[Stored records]
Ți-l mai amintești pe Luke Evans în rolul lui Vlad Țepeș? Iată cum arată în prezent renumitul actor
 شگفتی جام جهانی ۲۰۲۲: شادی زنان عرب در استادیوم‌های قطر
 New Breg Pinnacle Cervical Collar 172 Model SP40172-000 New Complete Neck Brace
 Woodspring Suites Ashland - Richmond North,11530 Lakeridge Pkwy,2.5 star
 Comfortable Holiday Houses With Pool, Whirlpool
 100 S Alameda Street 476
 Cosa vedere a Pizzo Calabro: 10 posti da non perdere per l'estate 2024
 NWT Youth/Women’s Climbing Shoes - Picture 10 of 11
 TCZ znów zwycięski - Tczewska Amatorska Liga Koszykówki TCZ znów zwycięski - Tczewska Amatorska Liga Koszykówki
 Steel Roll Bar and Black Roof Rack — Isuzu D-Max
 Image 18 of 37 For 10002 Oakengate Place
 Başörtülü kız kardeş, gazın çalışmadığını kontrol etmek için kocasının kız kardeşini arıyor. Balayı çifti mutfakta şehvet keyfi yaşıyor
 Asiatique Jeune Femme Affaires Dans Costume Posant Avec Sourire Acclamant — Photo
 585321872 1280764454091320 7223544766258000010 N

## What the exercise asks
Every line above needs to be retyped exactly.

## Written response
Ți-l mai amintești pe Luke Evans în rolul lui Vlad Țepeș? Iată cum arată în prezent renumitul actor
 شگفتی جام جهانی ۲۰۲۲: شادی زنان عرب در استادیوم‌های قطر
 New Breg Pinnacle Cervical Collar 172 Model SP40172-000 New Complete Neck Brace
 Woodspring Suites Ashland - Richmond North,11530 Lakeridge Pkwy,2.5 star
 Comfortable Holiday Houses With Pool, Whirlpool
 100 S Alameda Street 476
 Cosa vedere a Pizzo Calabro: 10 posti da non perdere per l'estate 2024
 NWT Youth/Women’s Climbing Shoes - Picture 10 of 11
 TCZ znów zwycięski - Tczewska Amatorska Liga Koszykówki TCZ znów zwycięski - Tczewska Amatorska Liga Koszykówki
 Steel Roll Bar and Black Roof Rack — Isuzu D-Max
 Image 18 of 37 For 10002 Oakengate Place
 Başörtülü kız kardeş, gazın çalışmadığını kontrol etmek için kocasının kız kardeşini arıyor. Balayı çifti mutfakta şehvet keyfi yaşıyor
 Asiatique Jeune Femme Affaires Dans Costume Posant Avec Sourire Acclamant — Photo
 585321872 1280764454091320 7223544766258000010 N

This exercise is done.